Reproduce the data exactly as given, except for any images.

**DATA LISTING:**
========

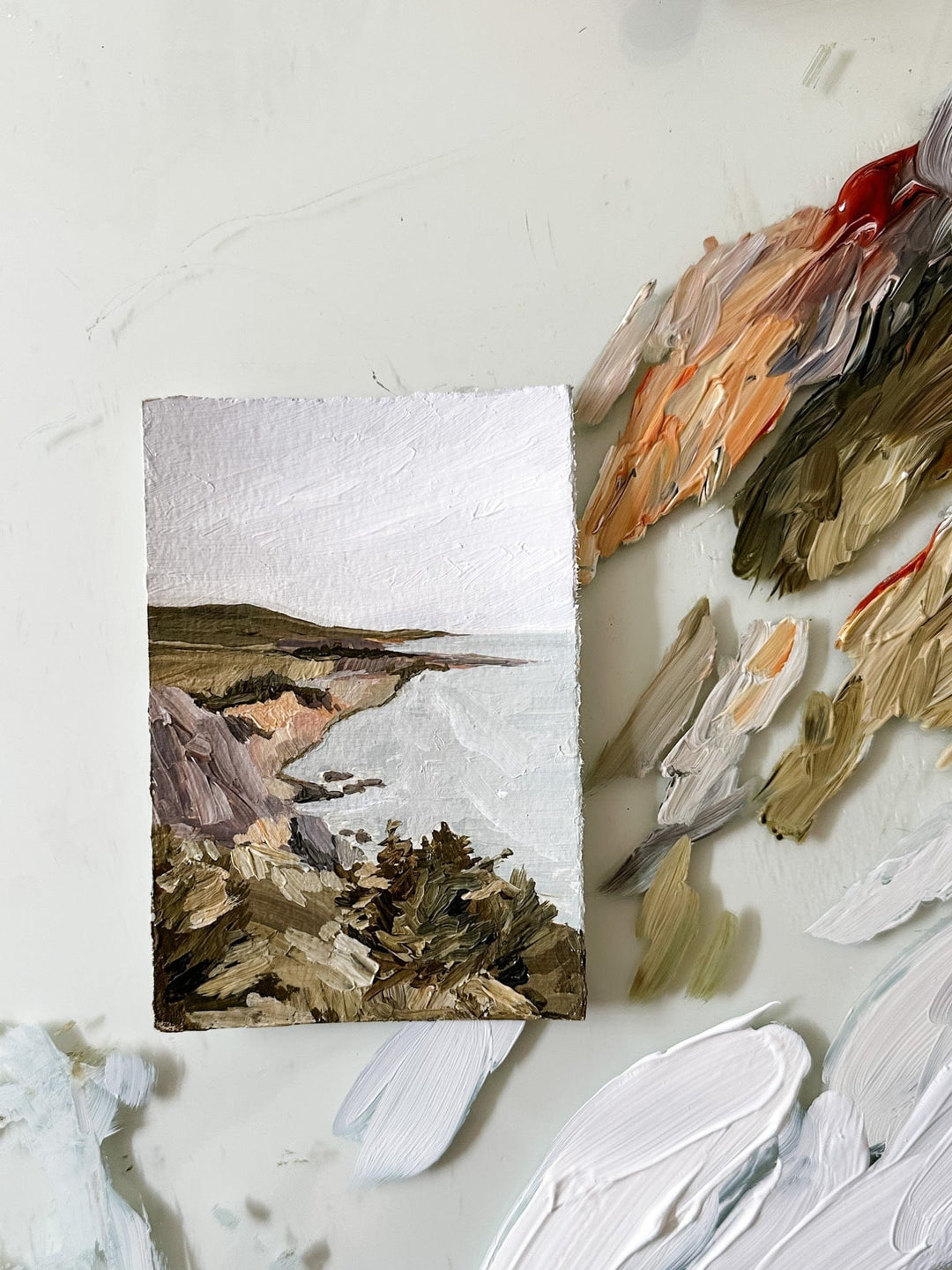 Painting of a coastal landscape with a palette of paint.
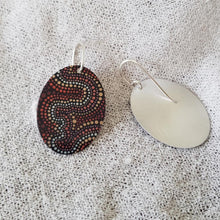 Load image into Gallery viewer, handmade-flat-oval-earrings-featuring-essence-at-dusk-indigenous-artwork-imprinted-on-aluminium-sheeting-with-sterling-silver-hooks-front-and-back
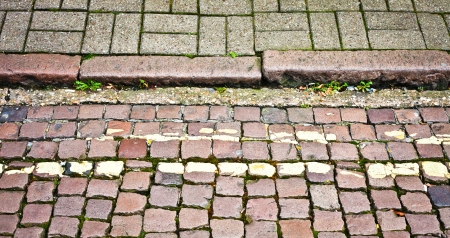An old cobbled road and pavement in a UK townの写真素材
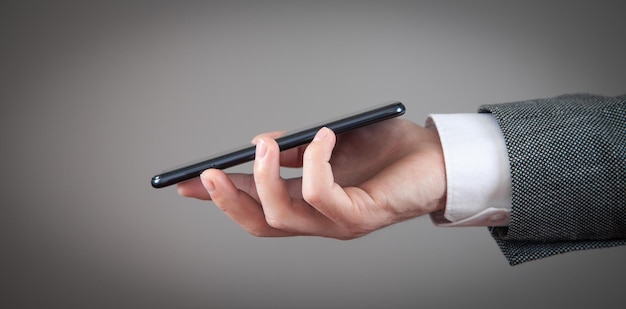 Caucasian man holding smartphone at home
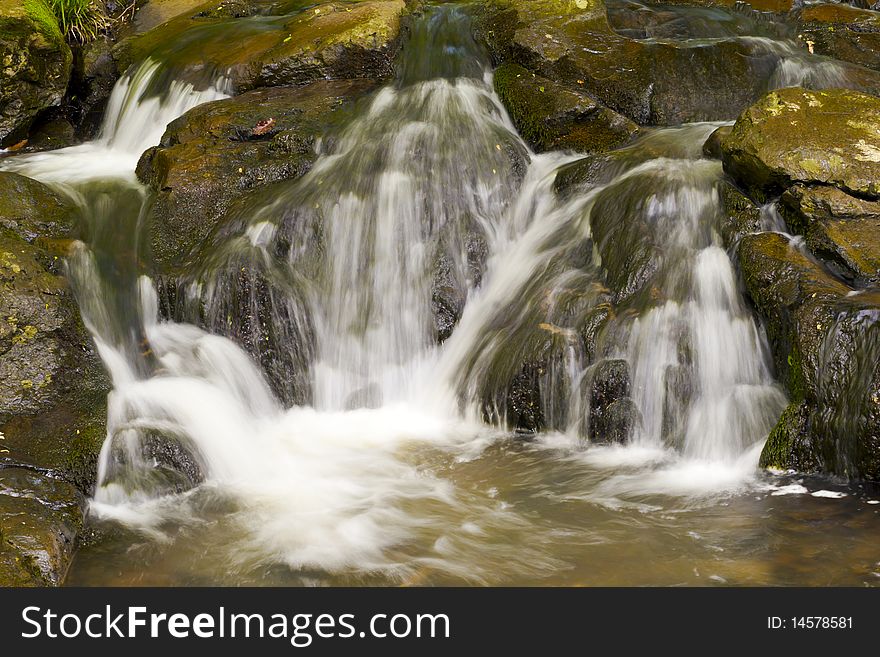 Rocky, stony river with a waterfall. Rocky, stony river with a waterfall.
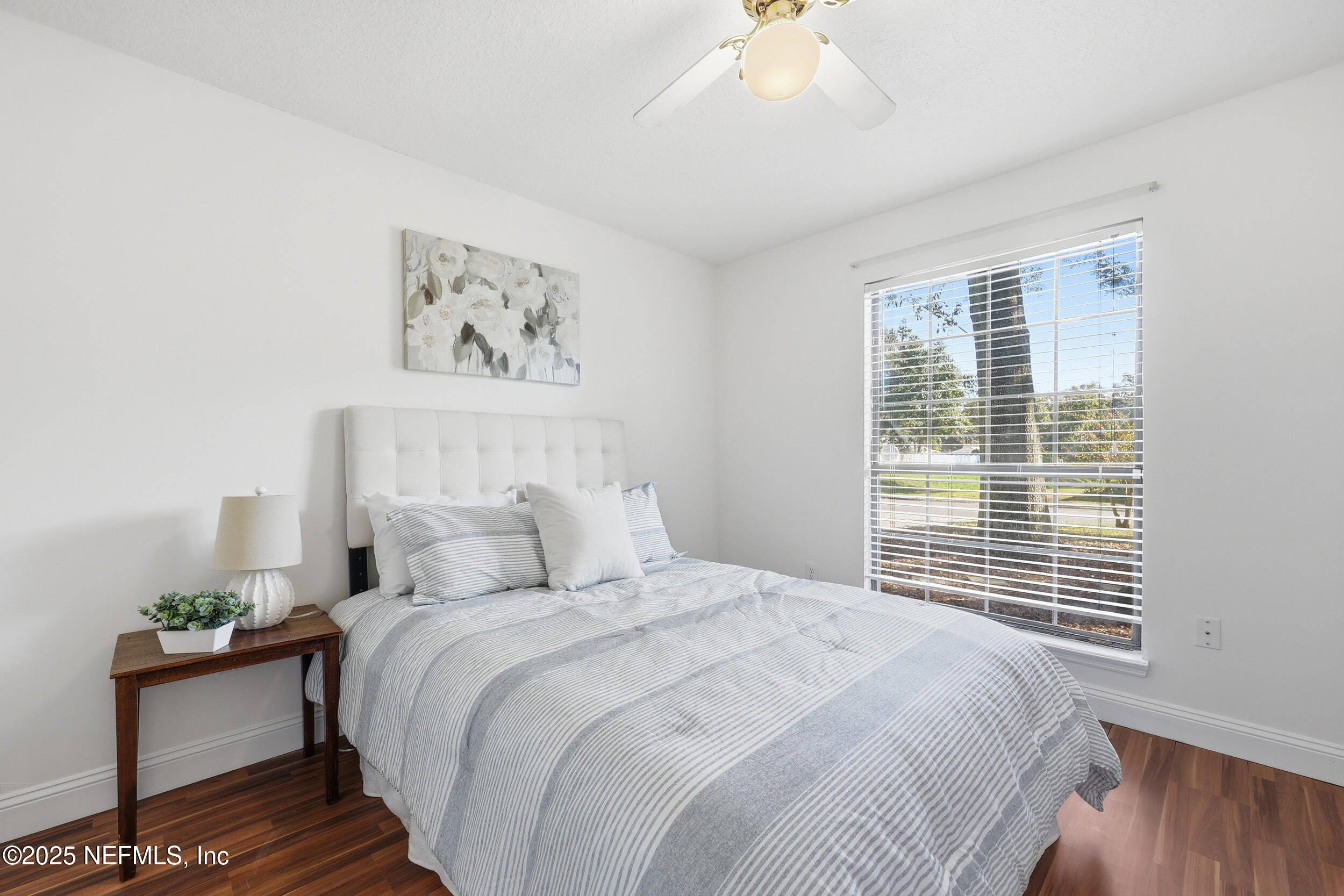 1626 Sandy Hollow Loop Middleburg, FL 32068 - Photo 24 of 40 a bedroom with a large bed and a window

========

**RESULT FOR THIS TASK:**
 Painting of a coastal landscape with a palette of paint.
 Load image into Gallery viewer, handmade-flat-oval-earrings-featuring-essence-at-dusk-indigenous-artwork-imprinted-on-aluminium-sheeting-with-sterling-silver-hooks-front-and-back
An old cobbled road and pavement in a UK townの写真素材
 Caucasian man holding smartphone at home
 Rocky, stony river with a waterfall. Rocky, stony river with a waterfall.
 1626 Sandy Hollow Loop Middleburg, FL 32068 - Photo 24 of 40 a bedroom with a large bed and a window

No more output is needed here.